(EXERCISE GOAL) Write again exactly the lines in the listing below, starting at the line with "Gutshof Rellich Villa" and ending at the line with "Commode campagnarde ancienne XIXème siècle", both included. Pictures are not copied.
DATA TO USE: Begin
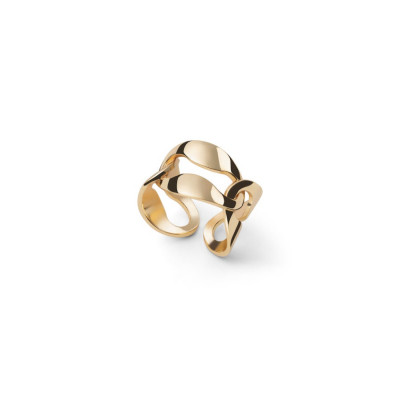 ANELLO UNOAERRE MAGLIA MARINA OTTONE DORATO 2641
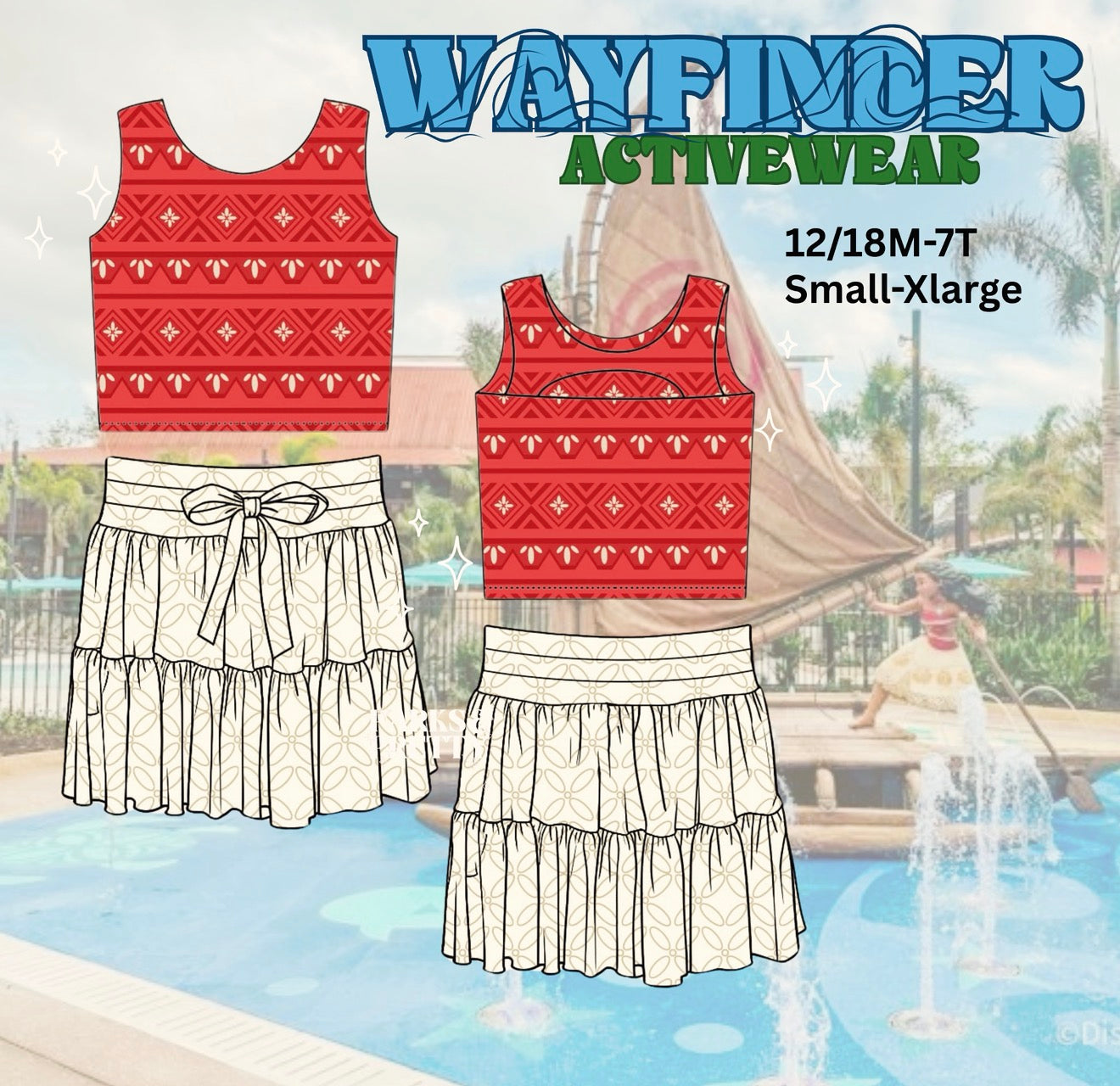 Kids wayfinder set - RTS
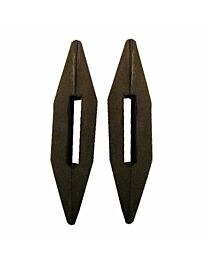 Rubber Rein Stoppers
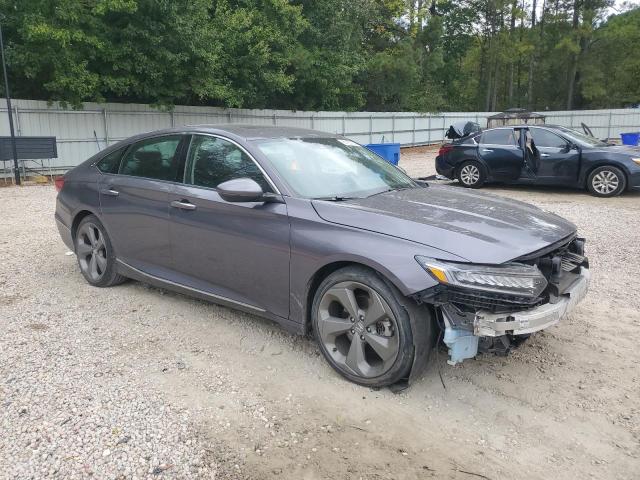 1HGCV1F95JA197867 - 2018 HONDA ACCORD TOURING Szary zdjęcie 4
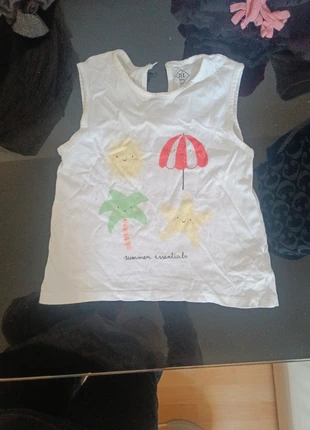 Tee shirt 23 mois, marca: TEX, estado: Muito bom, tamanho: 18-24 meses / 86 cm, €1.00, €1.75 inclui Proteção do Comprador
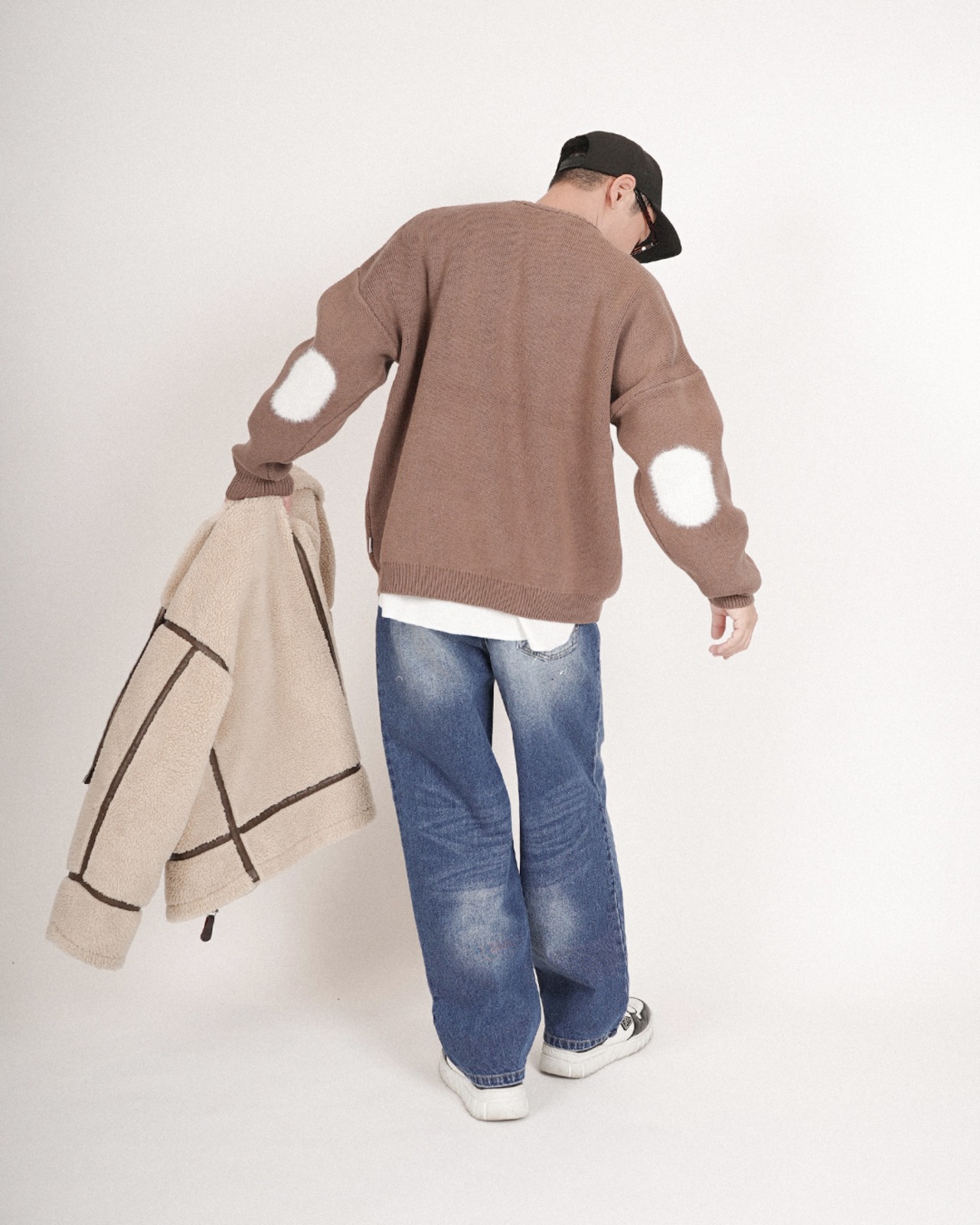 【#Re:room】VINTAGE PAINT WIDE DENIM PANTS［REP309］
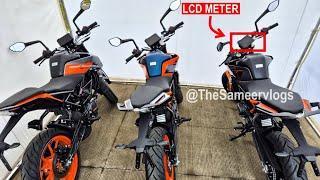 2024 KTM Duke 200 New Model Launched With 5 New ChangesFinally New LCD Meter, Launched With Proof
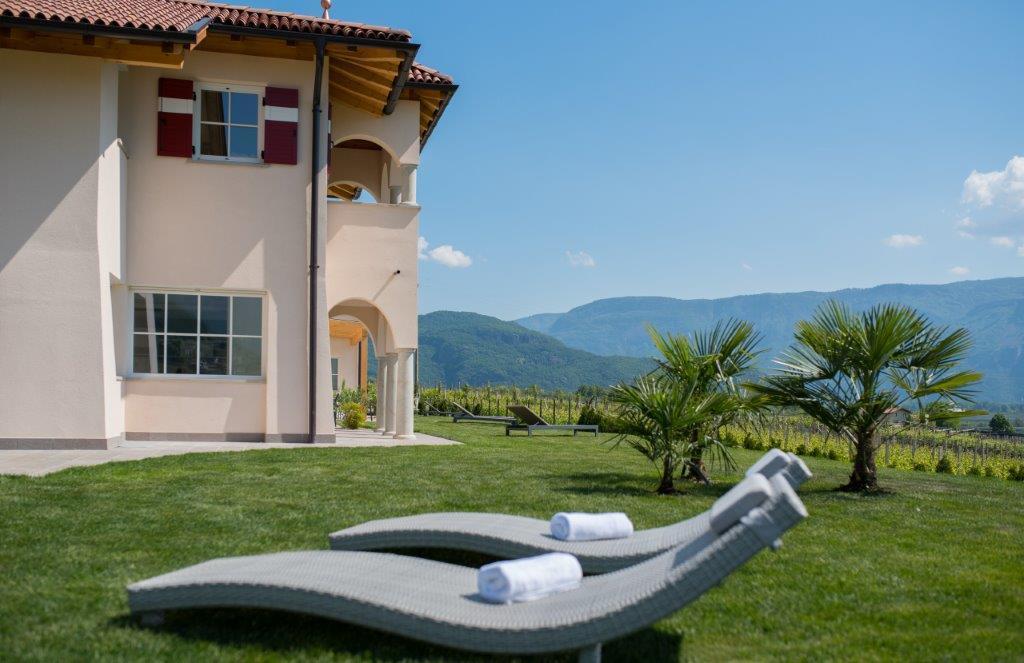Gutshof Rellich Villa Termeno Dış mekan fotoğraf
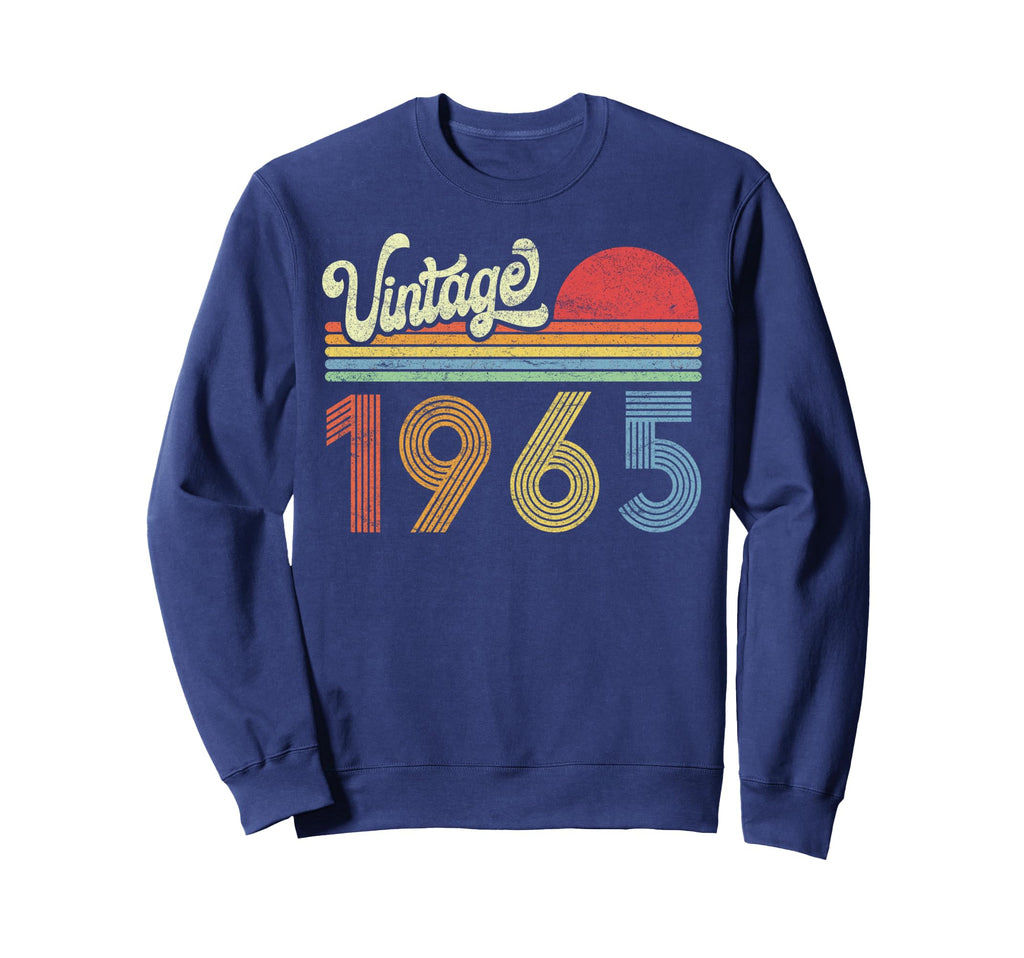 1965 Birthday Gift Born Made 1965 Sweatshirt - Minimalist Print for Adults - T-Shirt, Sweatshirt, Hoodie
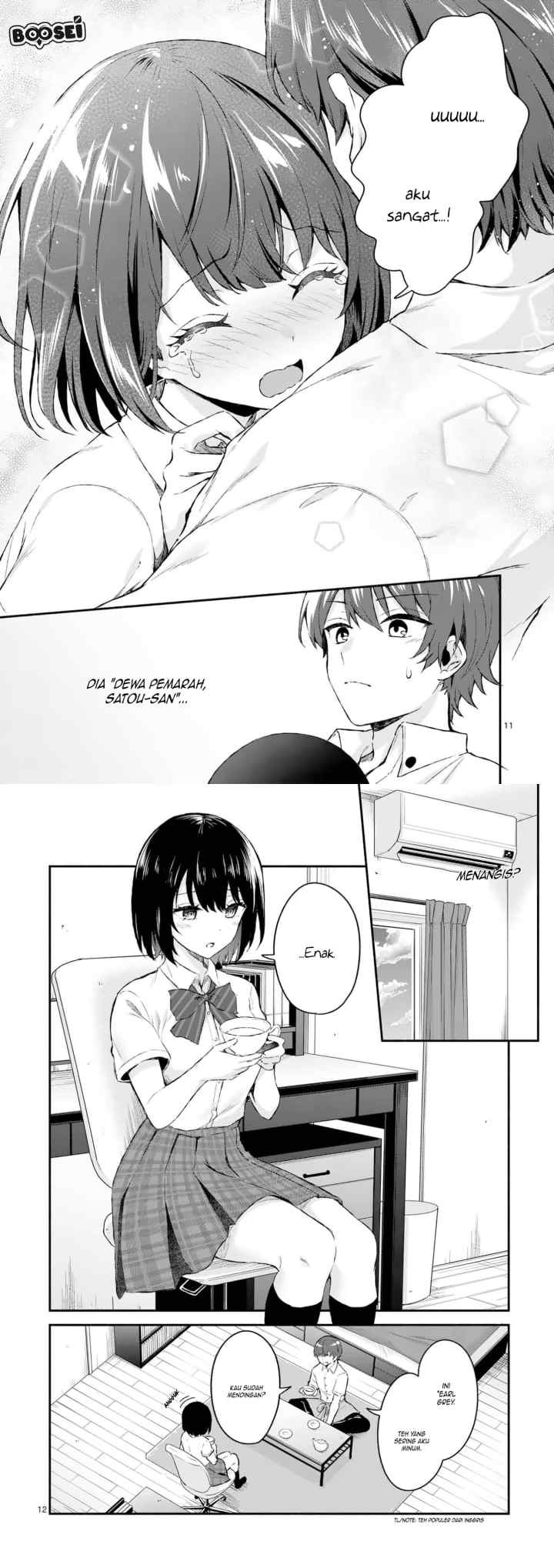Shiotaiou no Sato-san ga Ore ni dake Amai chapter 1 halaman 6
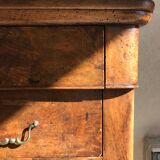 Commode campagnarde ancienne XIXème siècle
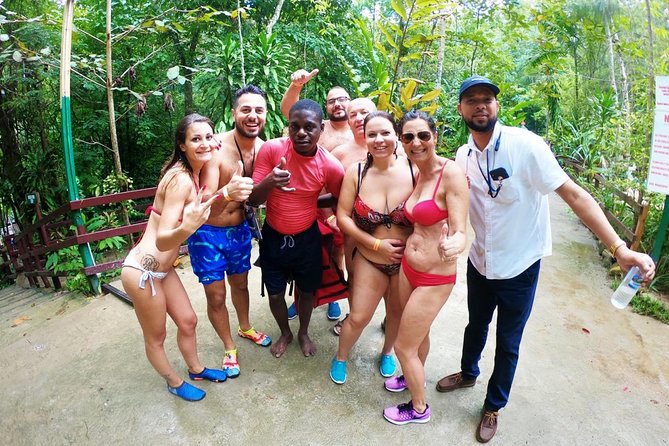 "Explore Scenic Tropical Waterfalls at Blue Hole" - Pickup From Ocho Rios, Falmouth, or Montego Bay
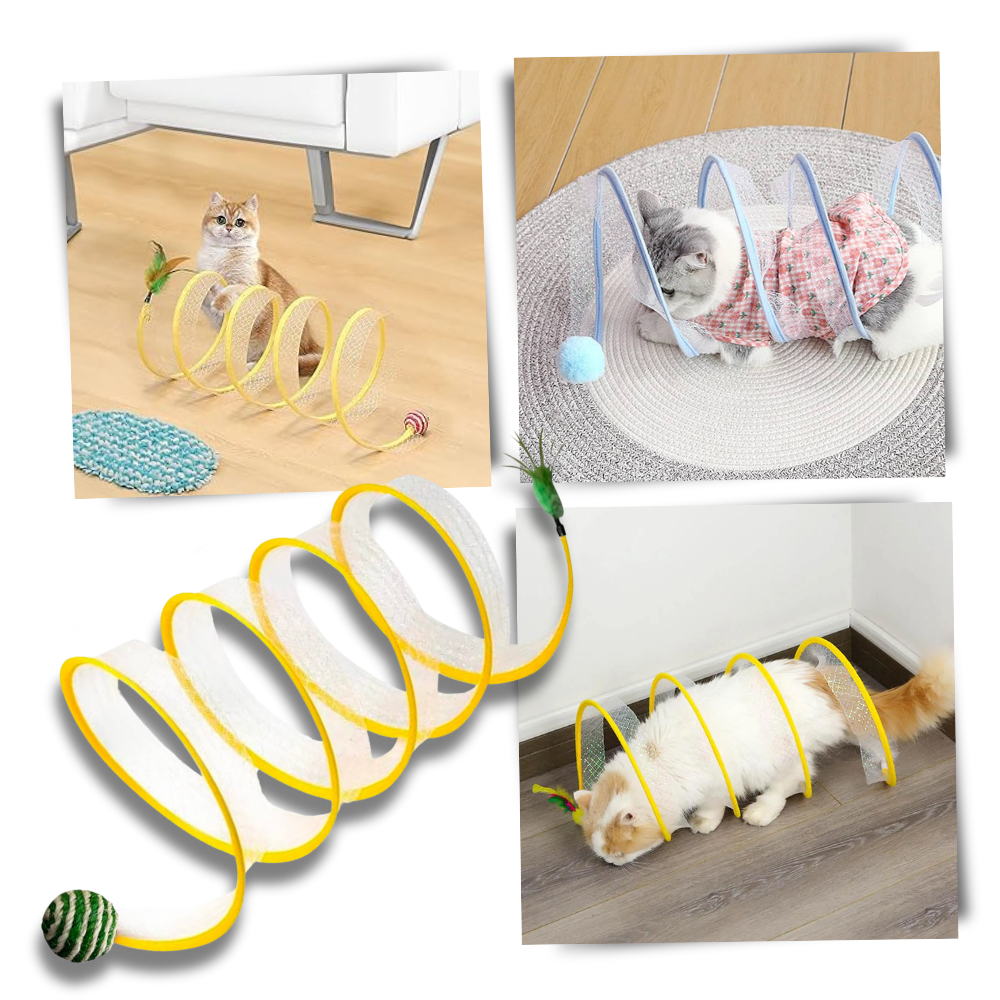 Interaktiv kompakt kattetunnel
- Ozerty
DATA TO USE: End
(REPLY TO THE TASK)
Gutshof Rellich Villa Termeno Dış mekan fotoğraf
 1965 Birthday Gift Born Made 1965 Sweatshirt - Minimalist Print for Adults - T-Shirt, Sweatshirt, Hoodie
Shiotaiou no Sato-san ga Ore ni dake Amai chapter 1 halaman 6
 Commode campagnarde ancienne XIXème siècle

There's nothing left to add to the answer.